Profetie in de Bijbel

Profetie

De volken die Israël niet dienen, worden verwoest

Jesaja 60:12 | Webmaster3 | ingevoerd: 27-07-2015 | gewijzigd: 10-03-2019
Profeet: Jesaja | Geadresseerde: Israël
Trefwoorden: dag van de Heer, volken, verwoesting

Samenvatting

Jesaja profeteert dat de tegenstanders van Israël verwoest zullen worden.

Bijbeltekst

12 Want het volk en het koninkrijk die u niet zullen dienen, zullen vergaan en die volken zullen totaal verwoest worden.

Uitleg

In Jesaja 60 kijkt Jesaja naar de toekomst van het land Israël. Maar welk gedeelte van dit hoofdstuk is in onze tijd al vervuld, en welk gedeelte niet? Het lijkt dat de scheiding bij vers 12 ligt. Tot vers 12 lezen we over de terugkeer van de joden naar hun land, de steun die ze daarbij van andere zullen krijgen en de welvaart die naar het land zal komen. Dat is vervuld. Na vers 12 lezen we over zaken die nog niet gerealiseerd zijn. In vers 13 gaat het bijvoorbeeld over 'Mijn heiligdom' (de tempel). Die staat er nog niet. We lezen dat de kinderen van onderdrukkers zich zullen neerbuigen voor de joden (dat is nog niet gebeurt, misschien met uitzondering van de kinderen van de nationaal socialisten). In vers 16 lezen we dat de joden hun Verlosser zullen kennen (de meeste kennen Jezus nog niet). We lezen ook dat er geen verwoestingen of rampen in Israël meer zullen zijn.

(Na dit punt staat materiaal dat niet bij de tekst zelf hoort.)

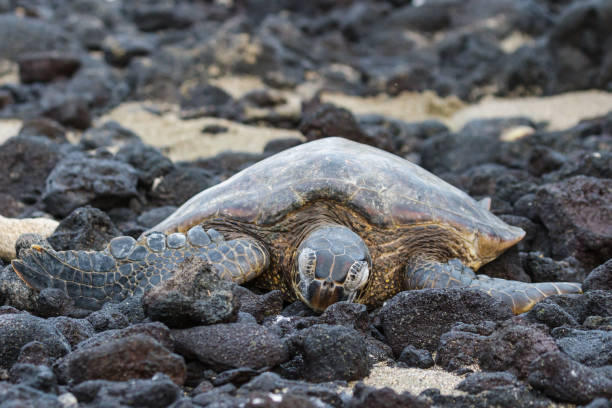 istock Sea Turtle Resting in the Hawaii Beach Sand 1124554847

De scheiding tussen beide toestanden is vers 12. Daarin lezen dat de volken die Israël niet zullen dienen, totaal verwoest zullen worden. Het is een korte verwijzing van de Dag van de Heere, waarop Jezus terugkomt naar de aarde en de tegenstanders zal vernietigen. In andere profetieën wordt de vernietiging van de tegenstanders tot in detail uitgewerkt en lezen we om welke volken het gaat.

Vervuld: nee

De tegenstanders van Israël zijn nog niet verwoest.

Gerelateerde profetieën

Moab en Ammonnieten worden gestraft (Zef. 2:8-10)
De Messias strijdt tegen Libanon (Jes. 10:33-34)
Verloop laatste slag om Israël (Dan. 11:40-45)
Zefanja over de Dag van de HEERE (Zef. 1:14-18)
Joël beschrijft hoe de Dag van de HEERE eruitziet (Jl. 2:1-11)
God komt om de goddelozen te oordelen (Mal. 4:1-3)
Volken gestraft voor misdaden tegen Israël (Jl. 3:1-4)
Straf voor de volken die tegen Jeruzalem hebben gestreden (Zach. 14:12)
Vijanden van Israël verzamelen zich voor oorlog maar worden gestraft (Jl. 3:9-16)
God houdt de hagel achter (Job. 38:22-23)
God zal de wereld straffen (Jes. 13:11)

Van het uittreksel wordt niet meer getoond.